Now, class-dump is a very well written and tested program but it is still dealing with untrusted input data. By having class-dump run in process, if something goes wrong the whole application goes down. This is bad.

Class-dump as a service

Luckily, we have tools to work around this problem. We could step back and decide to launch the class-dump process as an NSTask but we would lose the nicer error handling API that we adopted. Introduce Services! By having our code running in an XPC service we can make sure that the service only goes down if something should go wrong, but still be able to directly interface with our Objective-C interface by mean of an XPC connection. This seems like the best of both worlds.

We could have the XPC service as a target of the main application’s project or the class-dump project. However, since I consider it an implementation detail I don’t like the idea of exposing its internals to the rest of the system.


Let me introduce my favorite pattern: Operation-Framework-Service! A framework encapsulating an XPC service and vending a simple NSOperation as interface. Boom!

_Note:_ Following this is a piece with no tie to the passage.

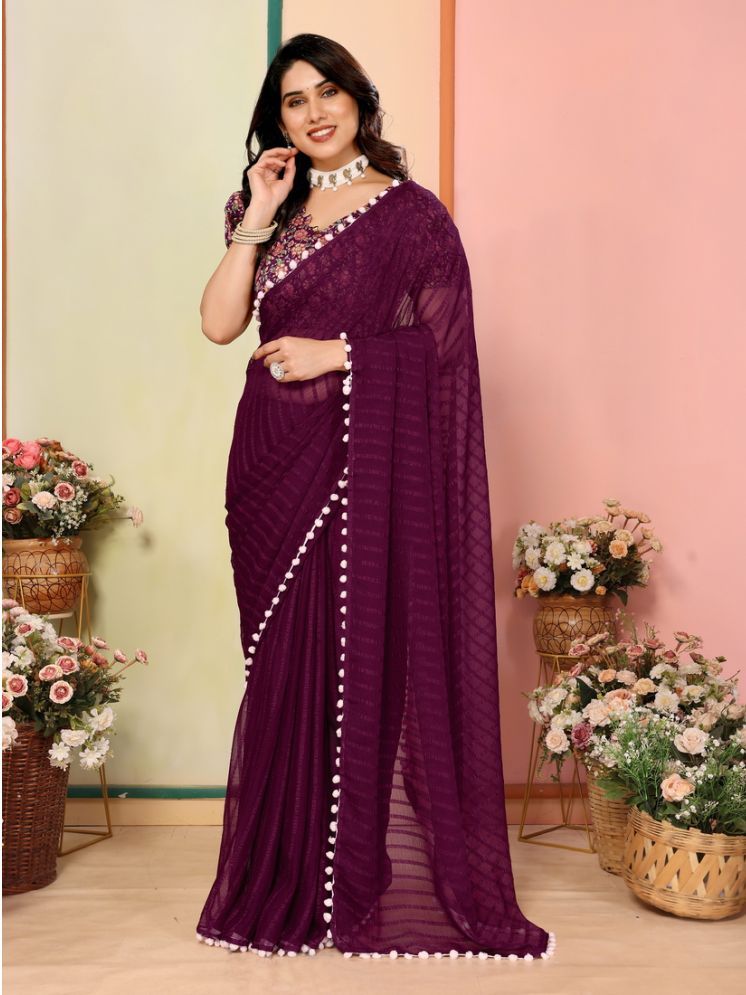     			KSNDV Trendz Georgette Striped Saree With Blouse Piece - Purple ( Pack of 1 )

As far as the client application is concerned a simple framework import is needed. The API is also extremely simple since it only consists of an NSOperation subclass which has a well-known and simple, yet extremely powerful, API. The operation implementation takes care of setting up an XPC connection with the XPC service. The service itself runs the actual internal operation. As far as the client is concerned however, the whole architecture is abstracted away it just feels as if the operation were running in process. In order to make full use of the asynchronous behavior of the XPC setup we want our in-process operation to be concurrent. It will simply message the service through the XPC connection on start and wait for the message’s response handler to finish.

Fitting in the Sandbox

Now, when designing a framework, one needs to plan for every use case. In particular, one needs to take into account the environment the host application will be running in. We want our framework to work nicely in the most restrictive environment while still supporting looser ones. Translating this into modern security tools for Cocoa application this means that our framework will need to play nicely with a sandboxed application, assuming no particular entitlements have been specified.

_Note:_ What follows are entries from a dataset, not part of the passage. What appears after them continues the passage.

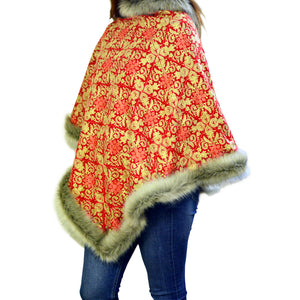 Embroidered Faux Fur Poncho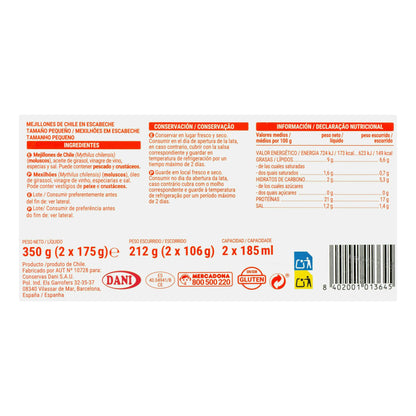 Mejillones en Escabeche Hacendado Pequeños 13/18 Piezas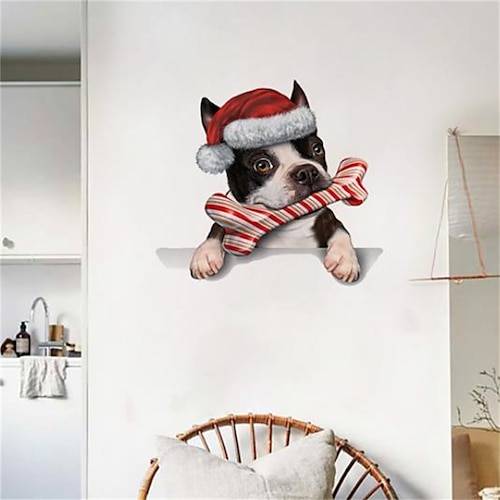 

Christmas Cartoon Wall Stickers Pet Dog Christmas Hat Stickers Children's Bedroom Self-Adhesive Decorative Stickers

The XPC service will thus have to be sandboxed (and can specify its own entitlements even though one can argue that it shouldn’t require more than what the host application does, which could well be none). The client-side part of the framework will be running in the host application’s process and will thus inherit its sandbox restrictions.

Keeping this in mind, we should design our framework to work with a sandboxed application with no entitlements.

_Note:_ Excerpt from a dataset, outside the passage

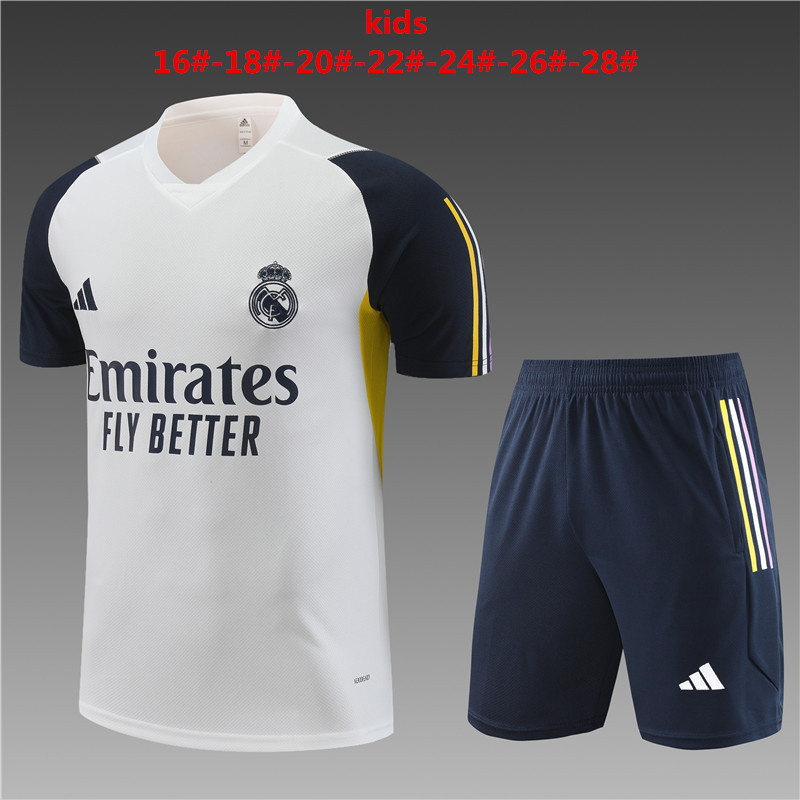 23-24 Real Madrid White Kids Kit Training Suits Soccer Jerseys Yupoo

Luckily, the framework will only need two URLs, one of the executable and one of the directory in which the headers will be written into, and won’t require any network connectivity or fancier capabilities that would require a special entitlement. We can safely assume that the URLs have been acquired by the application in a sandbox-safe manner and we have write access to the export directory.

Sharing URL between sandboxed applications

With this in mind, our problem is only reduced to providing the XPC service with valid URL that it can resolve. NSURL has a very nice feature to send URL containing security information between processes called bookmark data. By making sure that the client-side part of the framework create bookmark data before messaging the XPC service we can be sure that the service will be able to resolve this bookmark to a valid URL it will have right to read and/or write.


By slightly extending class-dump and running it in process as an operation we were able to provide a nicer error API. In order to provide fault tolerance we moved the execution of class-dump to an XPC service. Finally, we abstract this service away in a Cocoa framework vending a simple NSOperation. Both the service and the framework play nicely in a sandboxed environment.

You can check out the fork on GitHub. I have also created a simple OS X sample application that demonstrates how to integrate the framework. The project is also on GitHub.